Assim, de maneira geral, o campo do direito ambiental brasileiro está relativamente avançado quanto à elaboração, embora se ressinta de sistematização e de regulamentação em muitos dispositivos legais, e apresenta dificuldades nas etapas de interpretação e operaciona-lização (cumprimento).

Para Marinho (2010), o direito ambiental brasileiro necessita avançar na previsão de incentivos para que não sejam praticados delitos ambientais. A sanção positiva (incentivo) pode trazer resultados benéficos ao meio ambiente com menos gastos públicos, pois não exige a movimentação de toda a máquina estatal do Poder Judiciário que a sanção negativa (punição) demanda. Ademais, a penalidade em si não é capaz de trazer benefícios ambientais após o crime realizado, a não ser que seja acompanhada da reparação do dano ambiental. Os incentivos podem se dar na forma de instrumentos econômicos que beneficiem aos que deixem de causar condutas danosas ou desenvolvam práticas com impactos positivos. Mecanismos como o Pagamento por Serviços Ambientais (PSA) ou o de Reduções de Emissões por Desmatamento e Degradação (REDD) são exemplos neste sentido, que podem contribuir para prevenir danos e diminuir os custos exigidos para punir os degradadores (subseção 3.13).

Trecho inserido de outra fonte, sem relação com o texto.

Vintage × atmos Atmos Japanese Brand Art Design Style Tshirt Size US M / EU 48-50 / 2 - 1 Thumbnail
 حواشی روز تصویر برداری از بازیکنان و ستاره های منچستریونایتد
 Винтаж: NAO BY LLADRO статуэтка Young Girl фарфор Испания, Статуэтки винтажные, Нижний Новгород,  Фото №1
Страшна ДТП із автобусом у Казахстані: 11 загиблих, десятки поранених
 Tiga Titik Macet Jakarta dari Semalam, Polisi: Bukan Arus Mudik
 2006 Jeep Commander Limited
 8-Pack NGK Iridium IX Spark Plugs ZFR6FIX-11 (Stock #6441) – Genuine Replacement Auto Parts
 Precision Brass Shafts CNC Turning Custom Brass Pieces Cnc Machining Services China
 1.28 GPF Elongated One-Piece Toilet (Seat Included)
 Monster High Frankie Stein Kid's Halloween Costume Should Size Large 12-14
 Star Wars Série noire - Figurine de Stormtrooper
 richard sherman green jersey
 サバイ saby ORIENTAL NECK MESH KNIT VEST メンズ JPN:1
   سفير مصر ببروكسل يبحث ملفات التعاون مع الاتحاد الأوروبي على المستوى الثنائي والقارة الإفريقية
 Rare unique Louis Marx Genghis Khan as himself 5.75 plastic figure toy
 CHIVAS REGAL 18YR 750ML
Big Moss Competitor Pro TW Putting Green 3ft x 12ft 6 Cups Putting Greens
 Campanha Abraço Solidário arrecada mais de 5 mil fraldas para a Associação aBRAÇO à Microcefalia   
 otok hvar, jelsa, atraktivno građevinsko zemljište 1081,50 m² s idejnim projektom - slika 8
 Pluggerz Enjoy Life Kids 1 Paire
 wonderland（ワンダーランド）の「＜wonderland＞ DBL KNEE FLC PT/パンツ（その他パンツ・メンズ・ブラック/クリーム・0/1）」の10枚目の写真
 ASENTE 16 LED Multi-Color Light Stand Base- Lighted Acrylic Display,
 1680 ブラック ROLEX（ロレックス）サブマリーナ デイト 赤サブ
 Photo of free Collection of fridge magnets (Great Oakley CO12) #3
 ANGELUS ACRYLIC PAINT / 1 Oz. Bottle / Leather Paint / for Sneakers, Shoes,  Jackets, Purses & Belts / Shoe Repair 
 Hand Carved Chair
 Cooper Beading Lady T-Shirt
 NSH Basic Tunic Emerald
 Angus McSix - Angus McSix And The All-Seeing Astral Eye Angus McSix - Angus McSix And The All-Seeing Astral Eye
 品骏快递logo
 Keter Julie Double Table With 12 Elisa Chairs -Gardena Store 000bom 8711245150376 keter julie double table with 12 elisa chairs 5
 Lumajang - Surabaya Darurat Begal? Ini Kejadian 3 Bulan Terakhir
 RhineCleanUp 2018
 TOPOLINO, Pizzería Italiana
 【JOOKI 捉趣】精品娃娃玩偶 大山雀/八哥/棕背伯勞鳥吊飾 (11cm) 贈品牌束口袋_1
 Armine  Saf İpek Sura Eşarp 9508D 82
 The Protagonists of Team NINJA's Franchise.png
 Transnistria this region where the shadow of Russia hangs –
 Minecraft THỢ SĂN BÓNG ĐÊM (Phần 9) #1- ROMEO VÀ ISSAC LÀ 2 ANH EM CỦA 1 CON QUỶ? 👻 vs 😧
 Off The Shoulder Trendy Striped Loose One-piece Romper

2.3 Processo decisório participativo e controle socialSabe-se que a pressão social sobre o Estado tem um papel importante na implementação das políticas e na provisão dos bens públicos que estas devem aportar. Além disso, a proteção ambiental é uma obrigação compartilhada entre o poder público e a coletividade, conforme previsto na Constituição Federal (CF/1988, Artigo 225). No entanto, o Brasil possui, de maneira geral, ainda pouca tradição em participação popular nos processos decisórios, realidade que vem se transformando de forma ainda lenta apenas nas últimas décadas.

A participação na esfera ambiental possui algumas questões de fundo, que tornam o processo mais complexo. Conforme Olson (1999), em relação a bens coletivos – como os ambientais –, enquanto o custo do envolvimento no processo é somente do indivíduo que participa, os benefícios são difusos, isto é, divididos por toda a população. Isto pode gerar pouco incentivo ao acompanhamento e controle das políticas ambientais.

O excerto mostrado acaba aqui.